Why We Snore and 7 Effective Ways to Stop It Tonight

Almost half of adults snore now and then, and about one in four snore regularly. That familiar nighttime noise can range from a gentle murmur to a loud rumble that keeps both the snorer and their partner awake or even forces them into separate bedrooms. In fact, surveys show that around 35% of couples sometimes sleep apart due to disruptive snoring.
Despite how common snoring is, many people don't know why it happens or realize there are ways to reduce or stop it. The good news is you can try several snoring solutions tonight and start getting quieter, more restful sleep right away.
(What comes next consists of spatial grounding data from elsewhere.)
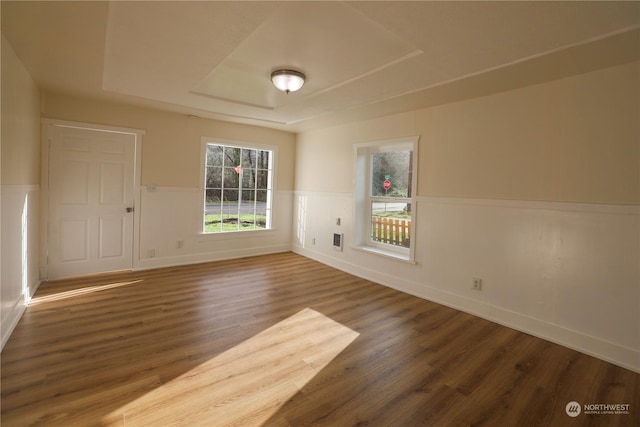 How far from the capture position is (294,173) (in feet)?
20.8

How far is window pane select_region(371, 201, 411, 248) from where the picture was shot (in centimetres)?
441

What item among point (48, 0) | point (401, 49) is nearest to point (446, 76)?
point (401, 49)

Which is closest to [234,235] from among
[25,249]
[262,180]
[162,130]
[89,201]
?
[262,180]

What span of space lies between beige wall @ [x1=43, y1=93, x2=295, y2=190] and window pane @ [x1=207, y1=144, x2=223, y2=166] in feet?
0.67

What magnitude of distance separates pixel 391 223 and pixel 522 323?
6.69 feet

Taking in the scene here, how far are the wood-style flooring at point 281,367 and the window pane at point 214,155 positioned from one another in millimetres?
2503

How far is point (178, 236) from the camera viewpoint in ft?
16.6

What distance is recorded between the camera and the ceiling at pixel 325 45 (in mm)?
1952

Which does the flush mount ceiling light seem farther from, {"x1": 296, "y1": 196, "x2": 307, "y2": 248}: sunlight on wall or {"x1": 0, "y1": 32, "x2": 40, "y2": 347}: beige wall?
{"x1": 296, "y1": 196, "x2": 307, "y2": 248}: sunlight on wall

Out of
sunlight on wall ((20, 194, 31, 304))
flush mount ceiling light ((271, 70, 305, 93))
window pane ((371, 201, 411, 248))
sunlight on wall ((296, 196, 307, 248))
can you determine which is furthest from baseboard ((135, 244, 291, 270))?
flush mount ceiling light ((271, 70, 305, 93))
This article explains why snoring occurs and offers seven practical ways to help you achieve quieter nights.
What Happens When We Snore
When you're awake, the muscles in your throat keep your breathing passages open. When you sleep, these muscles relax. For some people, this narrowing makes airflow noisy, causing snoring. It’s like when you partially cover the opening of a straw; the air passing through makes a sound. That's essentially what's happening in your throat.
You don't snore equally during all sleep stages. It’s most common during REM (Rapid Eye Movement) sleep and deeper non-REM stages. During these stages, throat muscles relax even more, making your airway narrower and prone to vibrations.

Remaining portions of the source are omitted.